Cara Settimana,
all’indomani della presentazione del disegno di legge sulle coppie di fatto non posso nascondere di essere profondamente addolorata. Quello che provo, con tutta franchezza, è una sensazione di disorientamento che certo non aiuta a porsi in un atteggiamento di riflessione serena e seria sull’argomento. Prendere atto della necessità di un provvedimento del genere da parte del governo è un’ulteriore conferma dell’indebolimento della famiglia tradizionale.
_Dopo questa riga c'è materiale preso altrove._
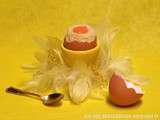 Cupcakes Œufs de Pâques à l'Orange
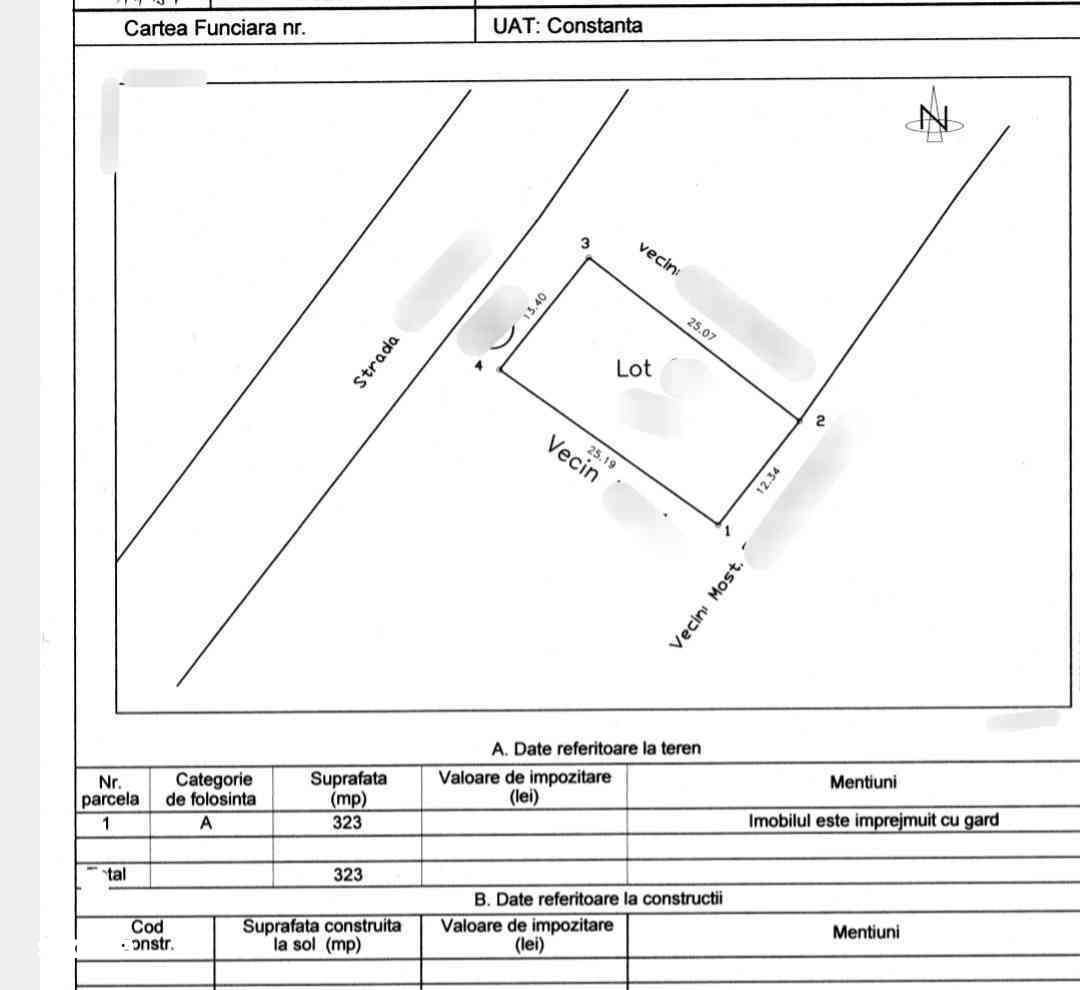 Teren 323 mp Palazu Mare- Elvila-1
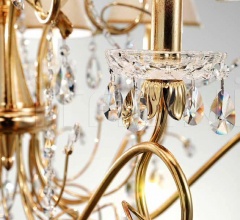 Люстра LUP 5 фабрика Masiero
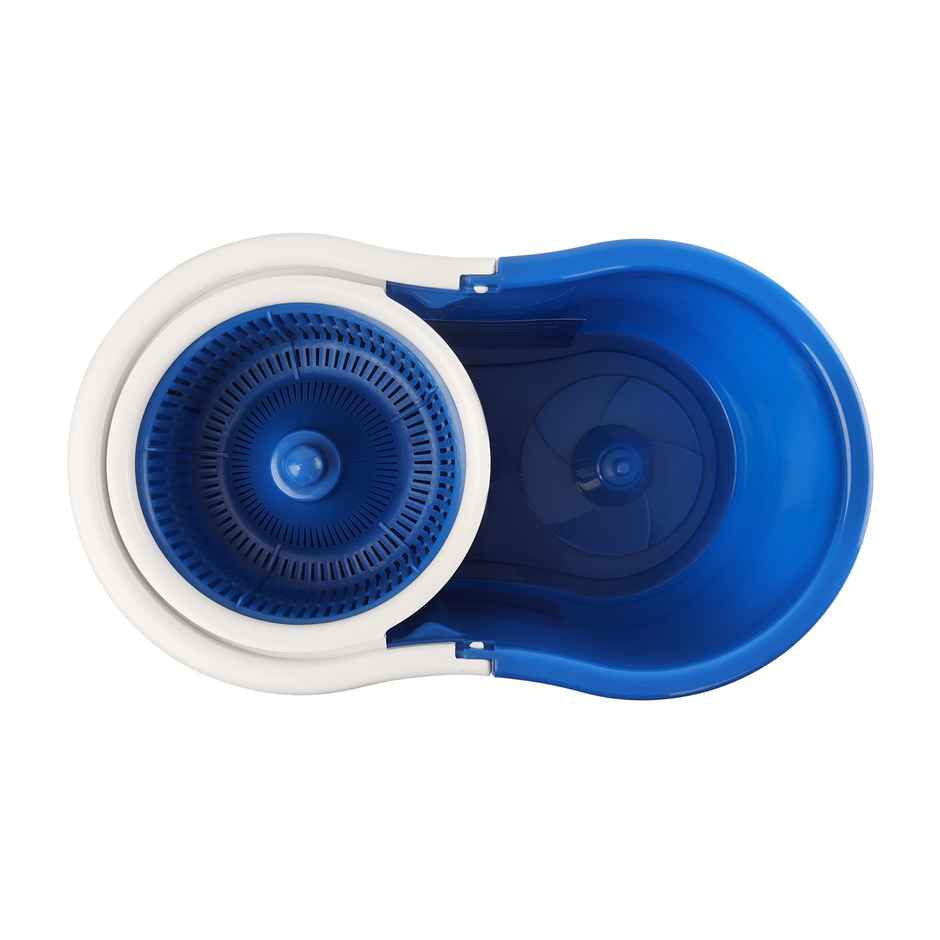 Cello Kleeno Compacto Spin Mop with 2 Refill | Blue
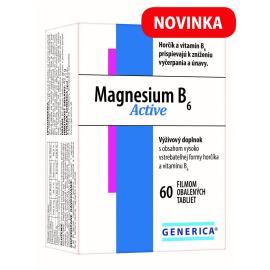 Magnesium B6 Active, tbl. 60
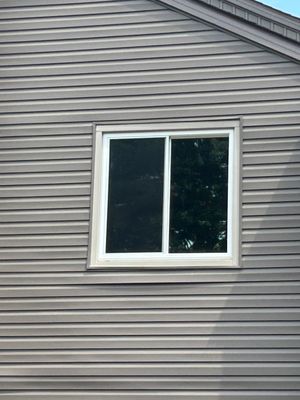 Vinyl Window Replacement  by Merrifield Exteriors, LLC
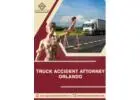 Truck Accident Attorney in Orlando with Free Consultation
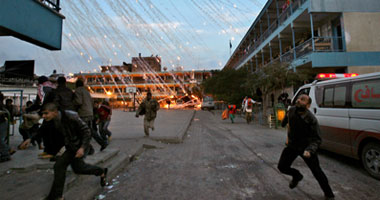 إحياء الذكرى الخامسة للهجوم الإسرائيلى على غزة فى العام 2008 ببلجيكا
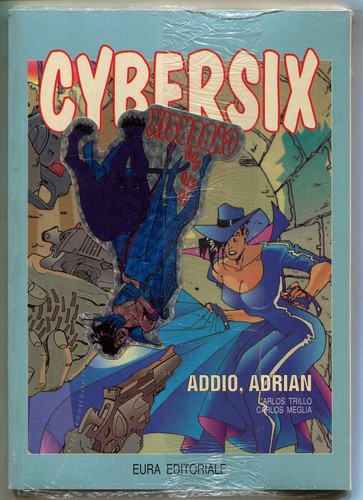 093 cybersix eura - ed.,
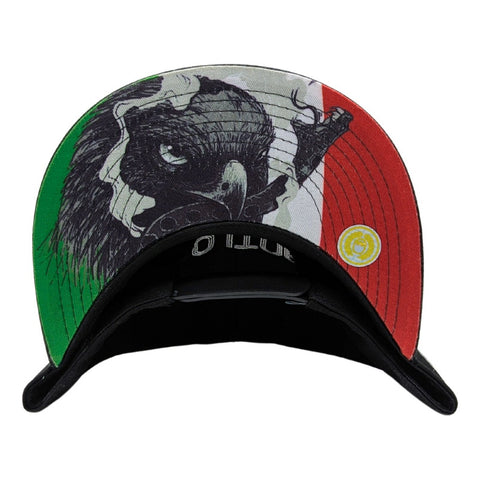 Gorra Antifashion Mexico Plana Algodón Bordado 010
Credo ancora di più quello che abbiamo sempre affermato nell’Associazione, all’interno del Forum nazionale delle famiglie e nei nostri dibattiti pubblici aperti alla cittadinanza, che la famiglia, cioè, sia stata per lunghi anni dimenticata: poche le politiche familiari attuate, scarsi e inadeguati i servizi offerti. Quel poco che si è fatto è stato confinato nell’ambito dell’assistenzialismo… dando un quadro già precario di una famiglia “malata” o “quasi morente”. Poco si è parlato e si è fatto per le famiglie eroiche che, nella normalità di tutti i giorni, hanno tirato su generazioni, hanno accolto bambini con l’affidamento e l’adozione, hanno prestato cure ai malati, hanno accolto e vissuto l’handicap o i disagi psichici dei propri figli, non hanno abbandonato gli anziani scegliendo di accompagnarli fino alla morte...
Ancora una volta la famiglia sembra abbandonata dal legislatore. Le questioni che riguardano le politiche familiari non sembrano essere tra le priorità e non creano nessuna risonanza mediatica nell’opinione pubblica.
Purtroppo, gli animi accesi portano il dibattito non tanto sullo stato di salute e di tenuta delle nostre famiglie, ma piuttosto sull’altra importante questione delle cosiddette unioni civili.
Penso che i toni accesi di certe indignazioni sul riconoscimento delle coppie di fatto non ci aiutino a mantenere una certa lucidità sull’argomento. La società di oggi è molto complessa, le scelte sono sempre più individuali e a volte anche vissute in solitudine. Di fronte a tutto ciò che investe la persona, dovremmo riscoprire un atteggiamento di religioso rispetto che valuta le situazioni, ma evita di generalizzare in modo superficiale e si esime dal dare giudizi.
Credo che la vera minaccia per il matrimonio e la famiglia non siano tanto le convivenze, ma piuttosto le separazioni e i divorzi che sono diventati tollerati e praticati tanto da rientrare nella mentalità dei più e sono ormai costume sociale. Solo nella nostra città, a Prato, ci sono circa 1.200 separazioni l’anno. Al tribunale di Prato sono tre i giorni dedicati alla materia: il lunedì per la “trattazione delle cause”, il mercoledì e il venerdì per la comparizione dei coniugi nel tentativo di conciliazione e sottoscrizione del verbale nel caso di mancata conciliazione.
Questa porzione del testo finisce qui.